And then I took advanced composition in college. I'd comped out of freshman composition so I didn't have that background to prepare me, but hey, I was a writer, so how hard could it be? Well, considering that the professor beat the love of writing out of me, I'd say it was devastating. I wasn't one of the two newspaper reporters in the class so I didn't count. I'd meet with the professor for advice and walk away wondering what had just happened. This class was one of only two C's I earned in college, which I can live with. But even today, I'd like to take the time to let that professor know just how much she took from me with her casual dismissals of any skills I might've possessed, and her lack of enthusiasm for any suggestion I made.

My mind is still full of stories I'd love to write, but I haven't done anything since college. I'd like to move past that time and just write because I enjoy it, which is what I always did prior to that time. But how do you do it? Nowadays when I write, I think way too much about audience, possible publication, and turn of phrase. When I do write anything, I generally end up liking how I wrote it upon review, but the thought of sharing it with anyone sends shivers up my spine. In my mind, it just won't be good enough.

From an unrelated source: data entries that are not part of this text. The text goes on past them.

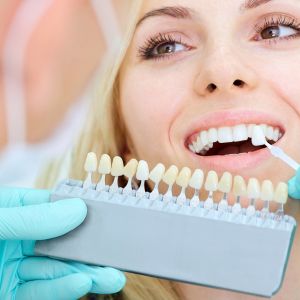 Dental tooth whitening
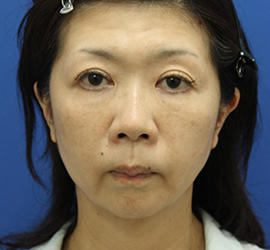 50代女性のシワ・たるみ After 症例写真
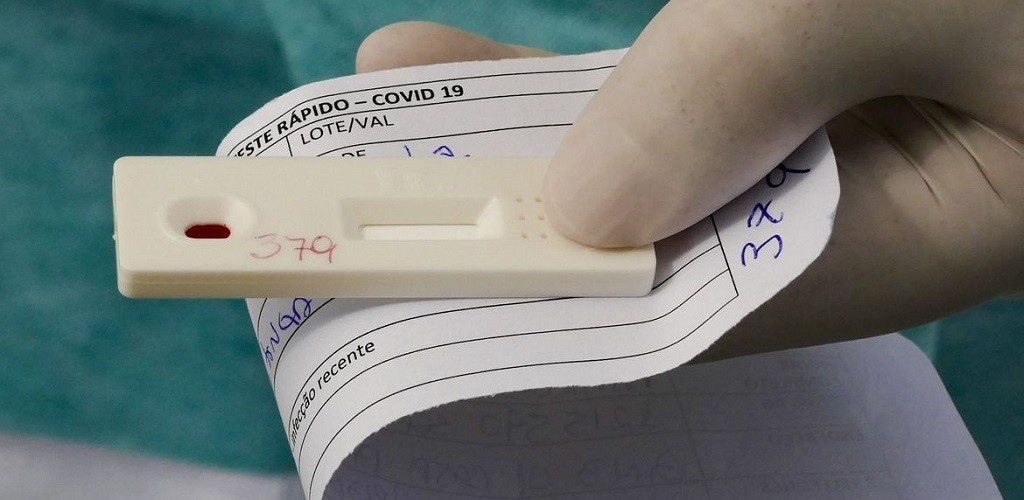 Saiba como fazer o teste diagnóstico de Covid-19 pelo plano de saúde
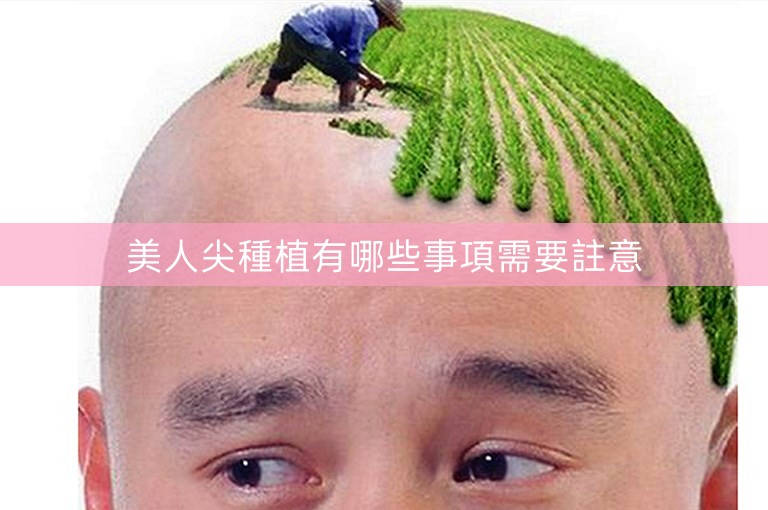 美人尖種植有哪些事項需要註意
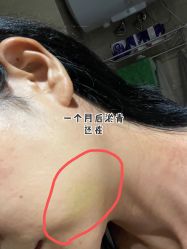 体验后-上海时光整形外科医院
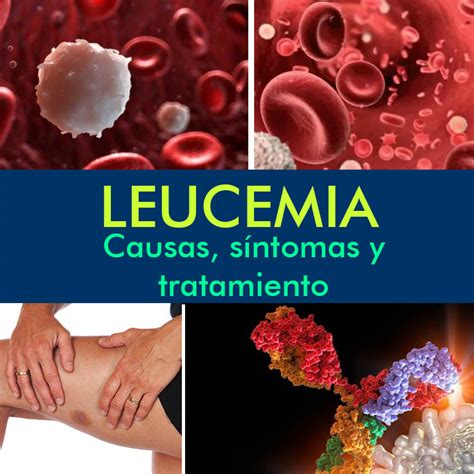 Leucemia Causas Síntomas Y Tratamiento La Guía De Las Vitaminas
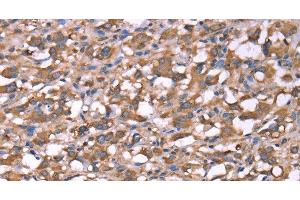 Immunohistochemistry of paraffin-embedded Human thyroid cancer tissue using SPAST Polyclonal Antibody at dilution 1:40
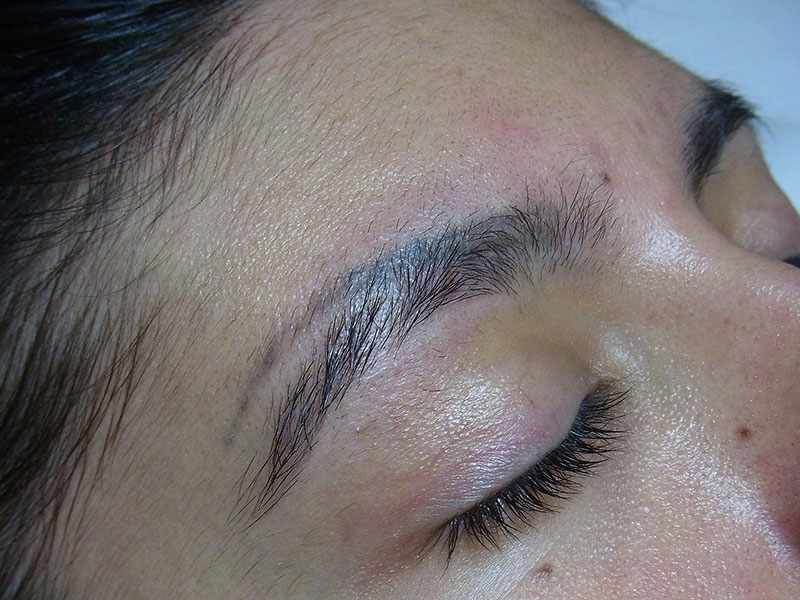 Laser Permanent Makeup Removal Saubhaya Makeup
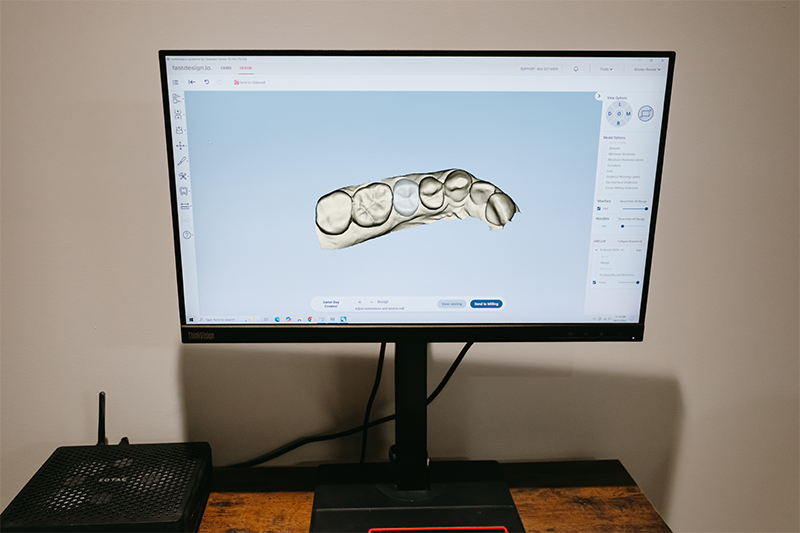 Intra-Oral Scanner in Eden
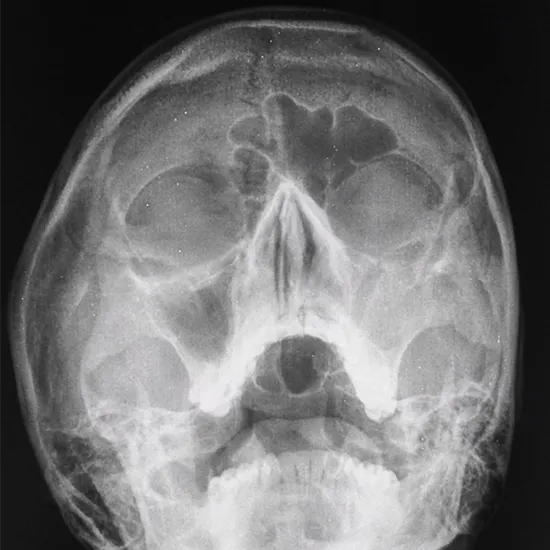 X-ray Maxillary Sinuses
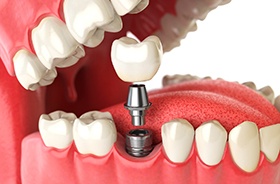 Diagram showing how dental implants in Lebanon are placed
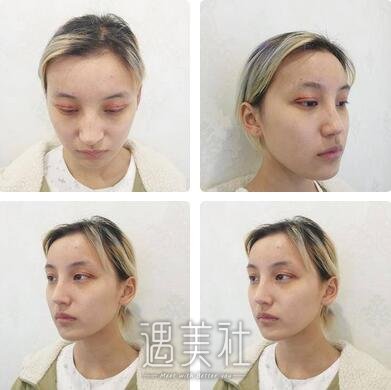杨明勇,双眼皮修复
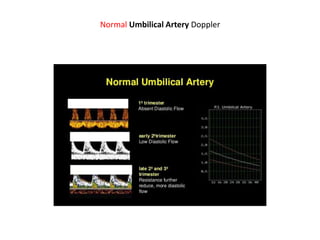 Normal Umbilical Artery Doppler
 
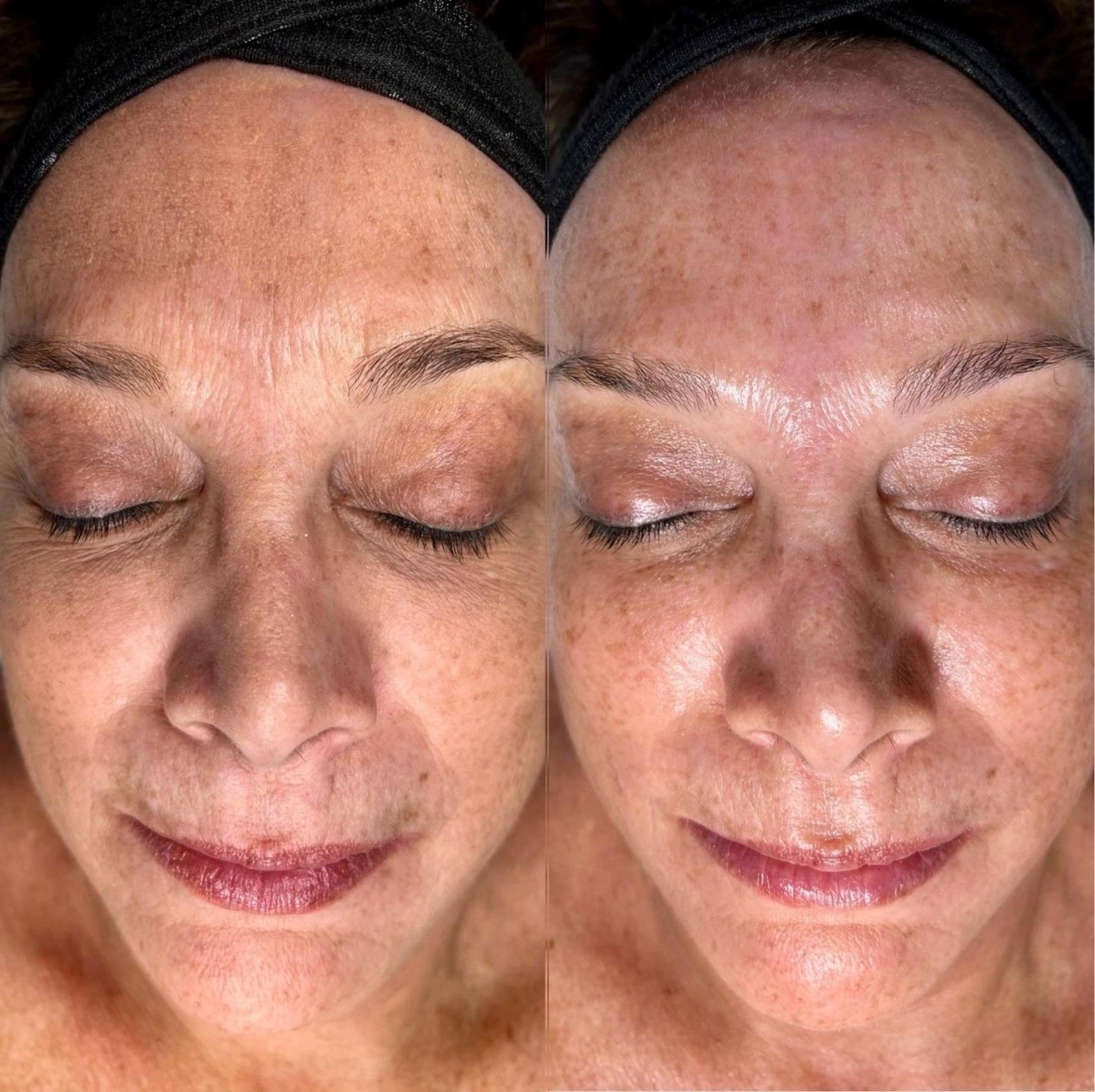 Glow Starter Facial – Image 3
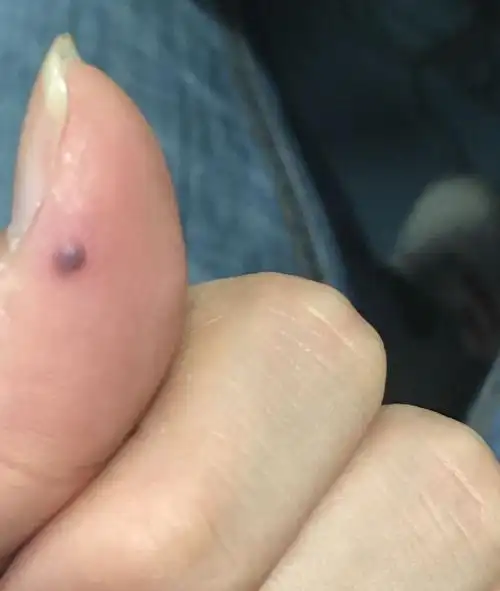 这个黑点是怎么回事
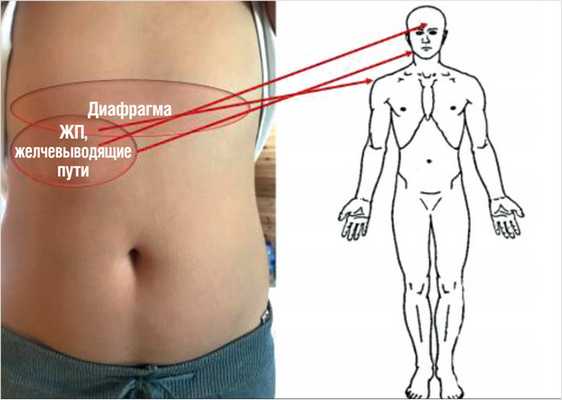 Рисунок 8. Схема иррадиации боли при патологии диафрагмы и билиарного тракта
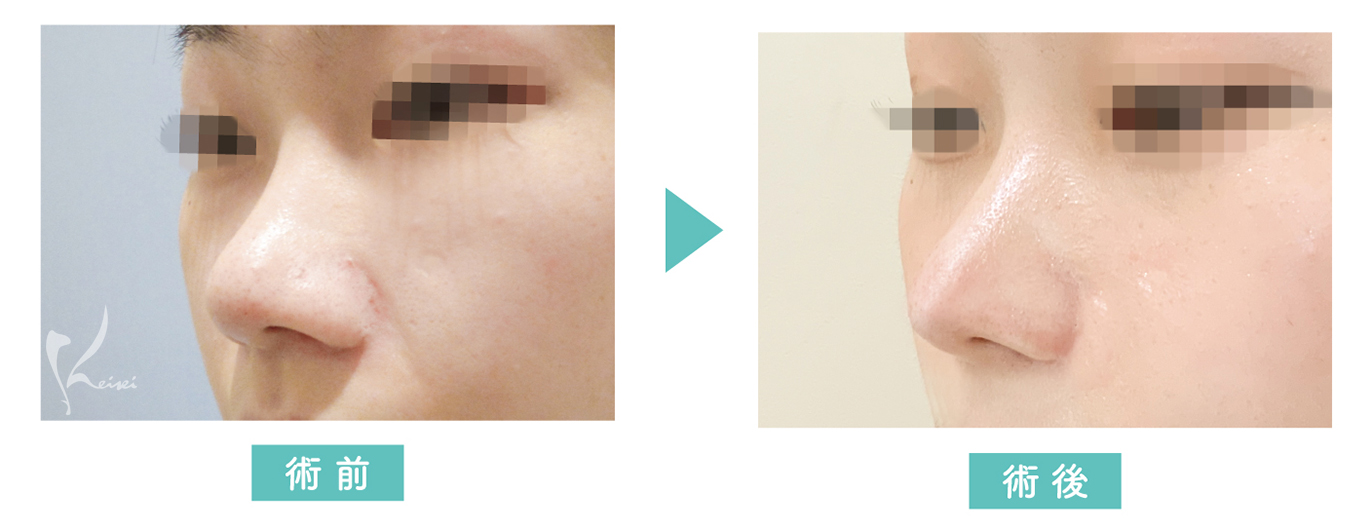 鼻プロテーゼ+小鼻縮小+耳介軟骨移植の症例写真
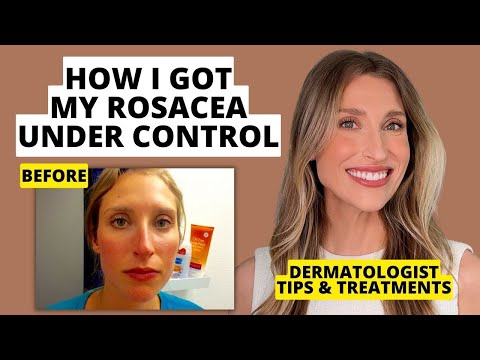 My Rosacea Journey: Dermatologist Shares Skincare &...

I've spent many years blaming this professor, and rightly so. But now I'm 43, and it's time for me to take responsibility for my own actions. I should never have allowed her that power in my life. Just who the hell was she, anyway? Just because she had a doctorate I've allowed her to judge me. Well, no more. As school comes to a close, I am promising myself that this summer, I will write. It may never see the light of day, and I've got to make peace with that. But I cannot allow something that gave me so much pleasure for so many years to lie dormant any longer. I've got to take back my own power. Do you hear my voice echoing over the years, Dr. Cox? If not, let me reiterate: You will no longer be the force that holds me back. And that in itself is going to be my reward. I promise myself.


Friday, May 18, 2007

I'm Old...

To paraphrase a line from Hannah: "Whelp. Hey. I'm old." Now naturally she didn't say she's old, but her "Whelp, hey" bit can be heard frequently around our house. And what else can I say when stating the obvious? Geez louise, how on earth did I get to be 43?

Lots of things are pounding this home for me lately. Today's clincher is the realization that my contact lens prescription has changed yet again. Arrgh. My eyes can't seem to settle in one stage. What's up with that? Now I've got to make an appointment with Dr. Fred (the world's best eye doctor) to get my lenses adjusted...and what else on my body needs adjusting these days?? LOL

Can we talk peri-menopause for a moment? Good gracious, no one warned me about this crap. My mother swears she didn't have a single symptom of menopause--just bang, it's over. (I know she's lying but sometimes self-deception is a coping mechanism). The night sweats (yuck), the mood swings, the periods...Gott in Himmel, the periods. They are coming fast, furious and flooding. Geez. Thirty plus years is enough already and now I've got to put up with this? In addition, the cosmos has dictated that the periods from hell=anemia for me, so that's a whole 'nother piece of the pie to deal with. Geez again.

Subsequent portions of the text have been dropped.